There are two kinds, and the distinction matters for cost:
| Type | Used by | Cost |
|---|---|---|
| Gateway endpoint | S3, DynamoDB | Free |
| Interface endpoint (PrivateLink) | ECR, CloudWatch, SQS, etc. | ~$0.01/hr + ~$0.01/GB |
Gateway endpoints for S3 and DynamoDB are free, there is no reason not to add them. They removed the single largest chunk of our NAT traffic (ECR image pulls and S3 reads from a data pipeline).
resource "aws_vpc_endpoint" "s3" {
vpc_id = aws_vpc.main.id
service_name = "com.amazonaws.us-east-1.s3"
vpc_endpoint_type = "Gateway"
route_table_ids = [aws_route_table.private.id]
}
resource "aws_vpc_endpoint" "ecr_dkr" {
vpc_id = aws_vpc.main.id
service_name = "com.amazonaws.us-east-1.ecr.dkr"
vpc_endpoint_type = "Interface"
subnet_ids = aws_subnet.private[*].id
private_dns_enabled = true
}
Interface endpoints cost a little, so do the math: if you pull many GB of container images per day, the ECR interface endpoint is far cheaper than NAT processing. For light traffic it may not pay off.
Cut #2: right-size your AZ redundancy
The standard advice is one NAT Gateway per AZ for high availability, and for production that's correct, because a single NAT in one AZ is a cross-AZ failure point (and cross-AZ traffic to reach it also costs extra). But for dev and staging, three gateways is overkill. We collapsed non-prod to a single NAT Gateway and accepted the reduced redundancy, removing two gateways' worth of hourly and processing charges per non-prod VPC.
Cut #3: find what's actually flowing
You can't cut what you can't see. I enabled VPC Flow Logs and queried them to find the top talkers through the NAT, which destinations and which instances drove the data processing charges.
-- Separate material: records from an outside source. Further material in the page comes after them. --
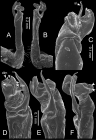Desmoxytes perakensis sp. n. (paratype) – right gonopod. 
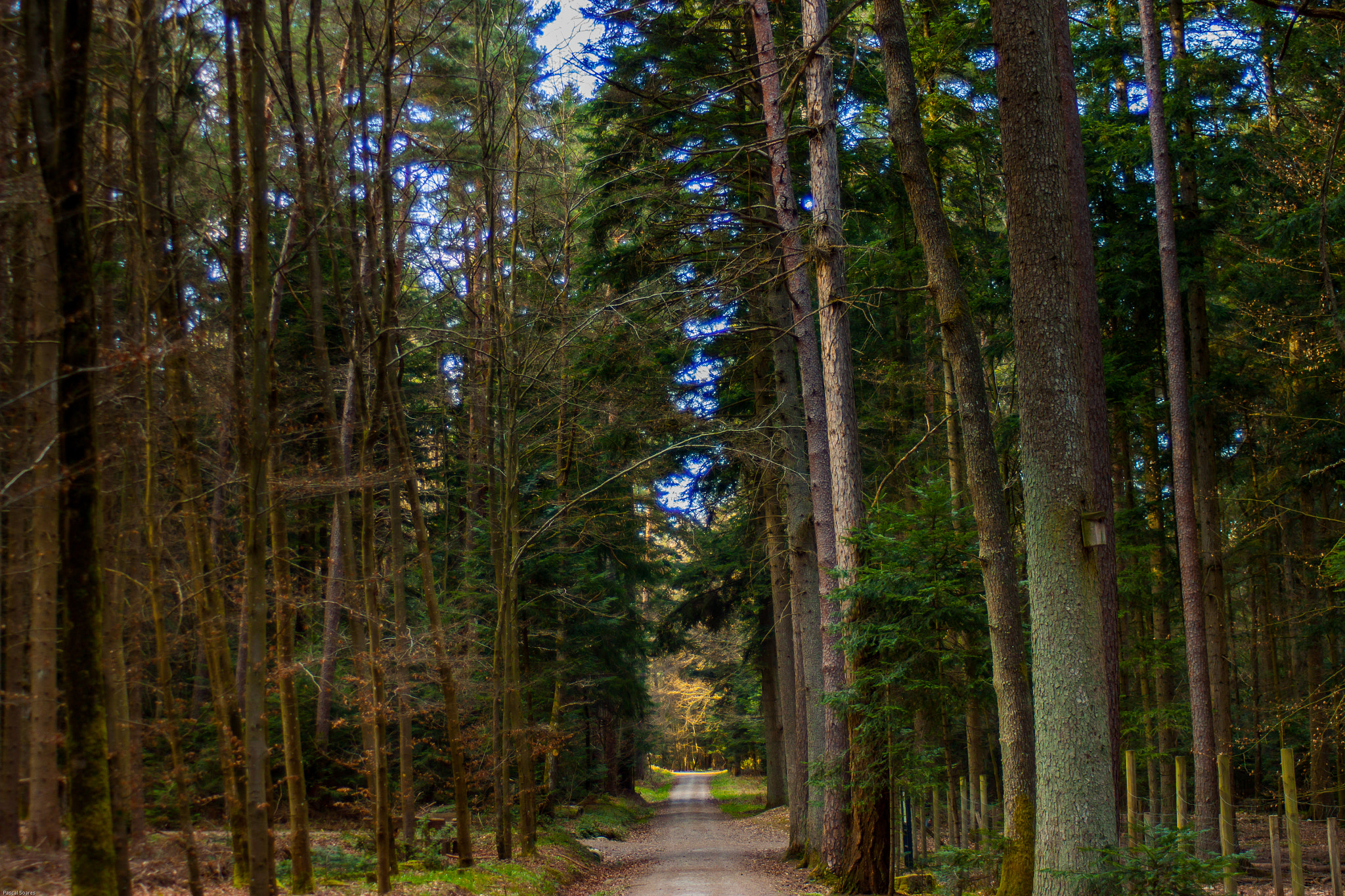 Canon EF 35-80mm f/4-5.6 sample photo. Way to sun photography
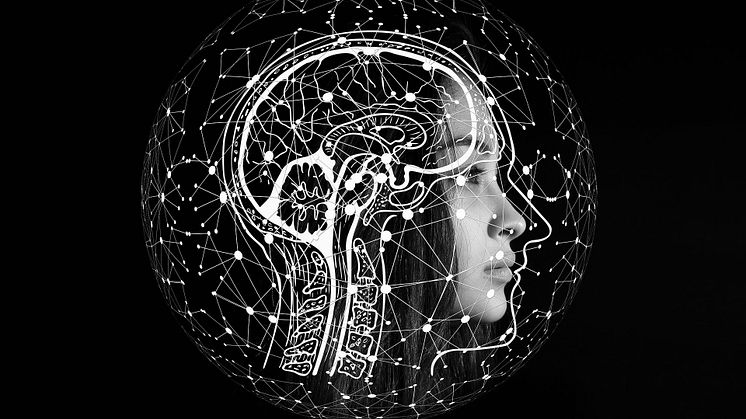 Hjärnan kan användas som guide för behandling av OCD enligt ny studie från Columbia University. Foto: Pixabay. CC0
aws ec2 create-flow-logs \
--resource-type VPC \
--resource-ids vpc-0abc123 \
--traffic-type ALL \
--log-destination-type cloud-watch-logs \
--log-group-name /vpc/flowlogs \
--deliver-logs-permission-arn arn:aws:iam::123456789012:role/flowlogs
Flow Logs revealed a surprise: a logging agent shipping gigabytes to a third-party SaaS endpoint over the public internet. We couldn't VPC-endpoint that (it's external), but we batched and compressed the payloads, cutting that traffic by 70%. The lesson is that not all NAT traffic is AWS-bound, measure before assuming endpoints will fix everything.
Takeaways
- NAT Gateways bill hourly and per GB processed, the per-GB fee is usually what dominates the bill.
- Add free S3 and DynamoDB gateway endpoints immediately; use interface endpoints for ECR/CloudWatch when traffic justifies the hourly fee.
- Keep one NAT per AZ in prod for HA, but collapse non-prod to a single gateway to cut redundant cost.
- Turn on VPC Flow Logs to find the real top talkers, some NAT traffic is external and needs compression, not endpoints.